LOL, never said I could actually do 60 bales an hour though, turning around, cleaning up little wisps of hay on the ends etc cut productivity.


----------



## hay wilson in TX (Jan 28, 2009)

There are a ton of variables on baling.

What is the Book strokes per bale?

Bale length, & weight.

No turns involved. No dead Heading &c

My old NH 315 running at 80 strokes a minute, or at 94 strokes per minute.

Bale length by the book is 15 strokes per bale. Pushing at 11 strokes per bale, taking my time 19 strokes per bale. In practice I drop down a gear if it is 10 or 11 strokes, and gear up at 19 or 20 strokes per bale.

I like to bale at 90 strokes per minute, which has more ineritia cutting the flake. No time down to reload the tying wire or string. No stops to adjust the tension on the bale chamber.

Good large windrow so we can bale at 1 mph or so.

With everything working for me Probably 475 bales an hour. Be able to eat a sandwitch for something to do.

Do not forget a great job of raking.

Nice to have.

Never having to change gears.

A hydro drive would be wonderful to have the strokes per minute right on & not +/- 4 strokes per bale.

A scale to adjust the pressure on the chamber to for a uniform 55 lbs/Bale & always a 34" bale length.

Never will take operator skills out of hay baling.


----------



## Tx Jim (Jun 30, 2014)

mlappin said:


> LOL, never said I could actually do 60 bales an hour though, turning around, cleaning up little wisps of hay on the ends etc cut productivity.


My understanding of the English language begs to differ & I'll quote you

[/quote] can do a thousand pound round bale a minute in good conditions[/quote].

If that's not stating one can bale 60 1000# rd bales per hr I'll eat a bale of hay.


----------



## deadmoose (Oct 30, 2011)

Tx Jim said:


> My understanding of the English language begs to differ & I'll quote you


 can do a thousand pound round bale a minute in good conditions[/quote].

If that's not stating one can bale 60 1000# rd bales per hr I'll eat a bale of hay.[/quote]

Time to eat some hay. Length of time was not specified.

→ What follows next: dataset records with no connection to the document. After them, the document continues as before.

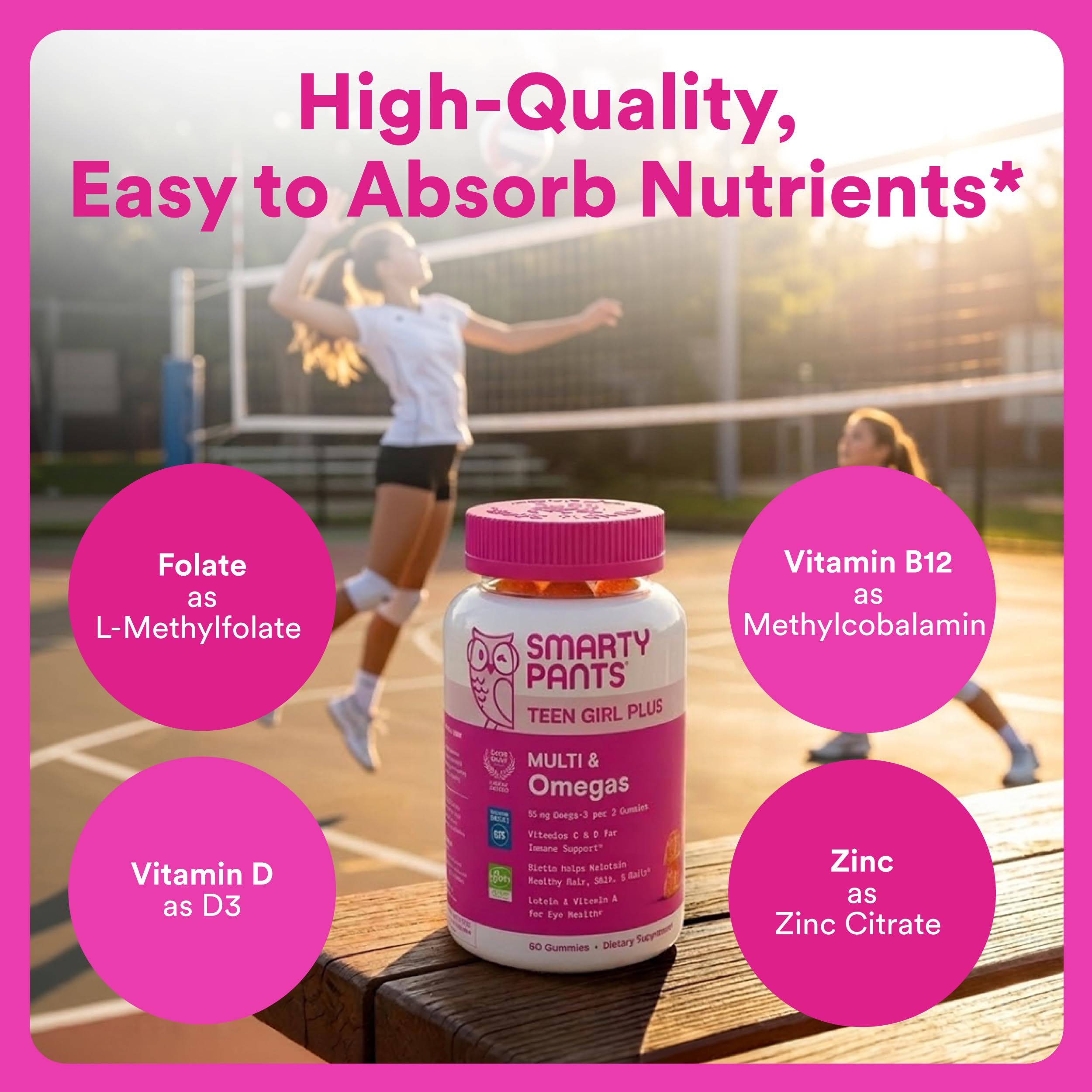 SmartyPants Teen Girl Multivitamin Gummies, Omega 3 (DHA/EPA), Vitamin C, D3, B12, Vitamin A, K & Zinc, Biotin to Support Hair, Skin & Nails, Gluten Free, 60 Count (30 Day Supply)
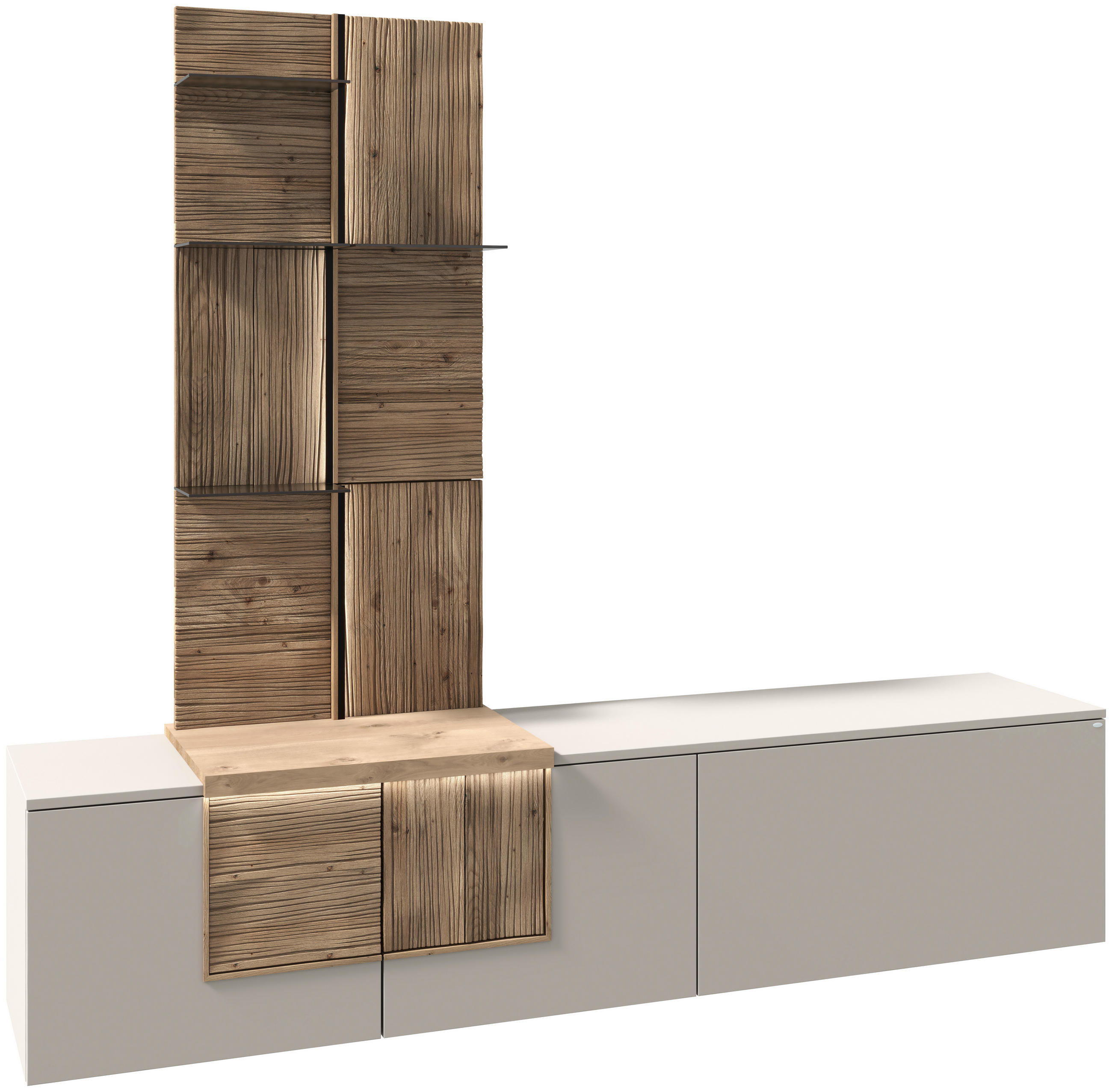 WOHNWAND  in Taupe, Wildeiche 224/198/44,9 cm  - Taupe/Wildeiche, Design, Glas/Holz (224/198/44,9cm) - Voglauer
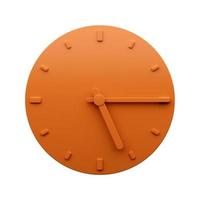 minimaal oranje klok 5 15 kwartaal Verleden vijf uur abstract minimalistische muur klok of vijf vijftien 3d illustratie foto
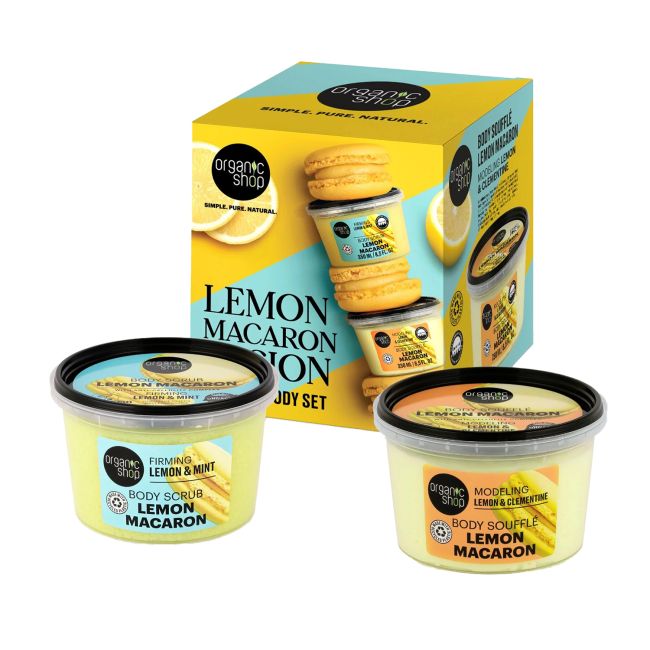 ORGANIC SHOP LEMON MACARON FUSION PERFECT kūno priežiūros priemonių rinkinys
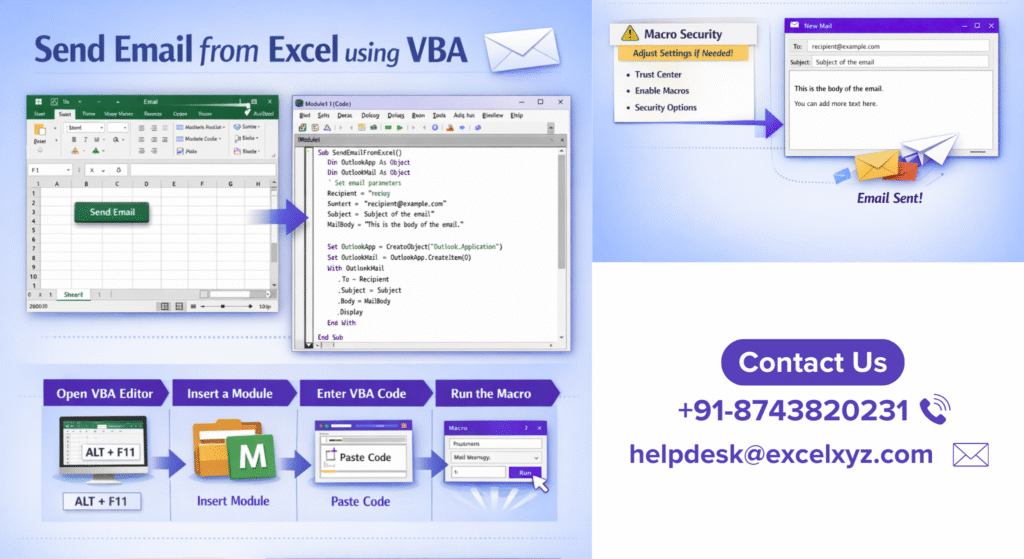 Use Excel VBA in Office 365 to send automated e-mails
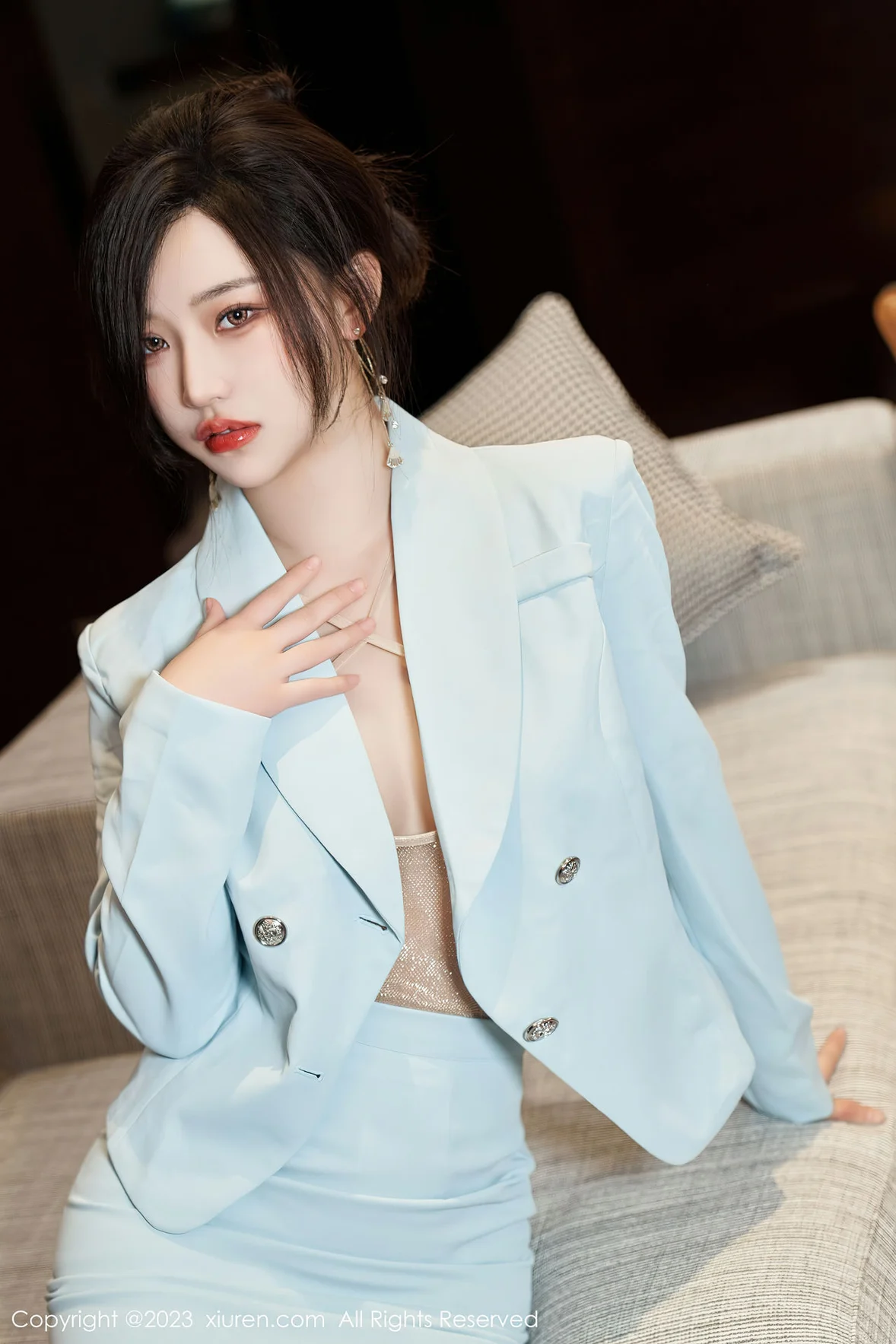 XiuRen 秀人 No.6857 妙可可Cheese 浅色轻透内衣性感写真3 [76P]插图6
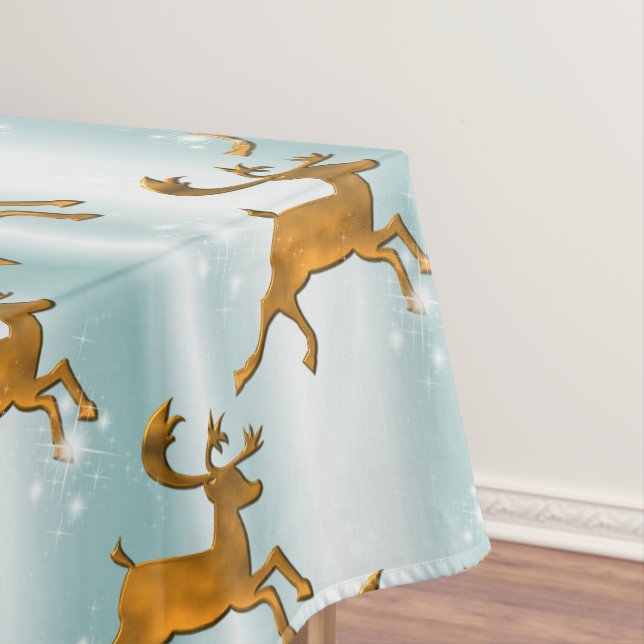 Der Rentier des Weihnachtsmanns läuft an Eisweihna Tischdecke (Beispiel)
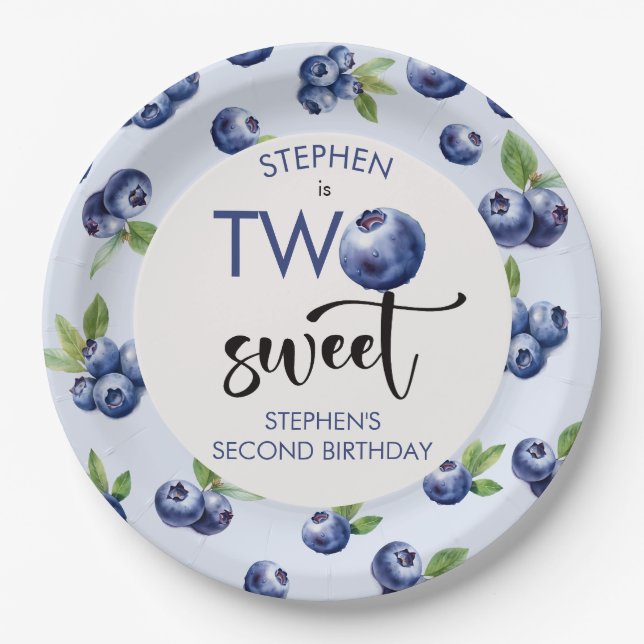 Two sweet blueberries kids birthday paper plate (Front)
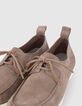 Chaussures bateau café en cuir velours Homme-3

Howany football players can run a 4.2 40? That doesn't mean they can push close to a 3 min mile.


----------



## deadmoose (Oct 30, 2011)

"In good conditions". No turning, good windrow.


----------



## Tx Jim (Jun 30, 2014)

deadmoose

So are you stating you bale a 1000# bale in a minute then go to the house to allow your baler to cool off?????????? :lol:

I would presume if you could bale one bale in a minute you could bale 60 bales in 60 minutes.


----------



## Gearclash (Nov 25, 2010)

Tx Jim--it is the difference between "indicated" baling rate and "actual" baling rate. There are always the little time losses that drag the actual baling rate down. I've seen a bale a minute with a 5x6 in corn stalks--and for fun this summer pushed my 7090 to a bale every 45 seconds (including wrapping) in oat hay, just to say I did.


----------



## slowzuki (Mar 8, 2011)

That's why I mentioned changing wagons and the time of cleaning scraps etc, just because you hit an amazing peak baling rate doesn't mean the whole job gets done fast. Sometimes slow (medium?) and steady wins the race.


----------



## Tx Jim (Jun 30, 2014)

Gearclash said:


> Tx Jim--it is the difference between "indicated" baling rate and "actual" baling rate. There are always the little time losses that drag the actual baling rate down. I've seen a bale a minute with a 5x6 in corn stalks--and for fun this summer pushed my 7090 to a bale every 45 seconds (including wrapping) in oat hay, just to say I did.


 Thanks for your clarification BUT after having baled well over 150,000 rd bales myself since the mid 80's I think I'm well aware of the difference. I agree baling a bale per minute is quite different than baling 600 rd bales in 10 hrs.

PS: If you'll read OP's 1st sentence you can determine he was inquiring about bales per hour not just ONE MINUTE.


----------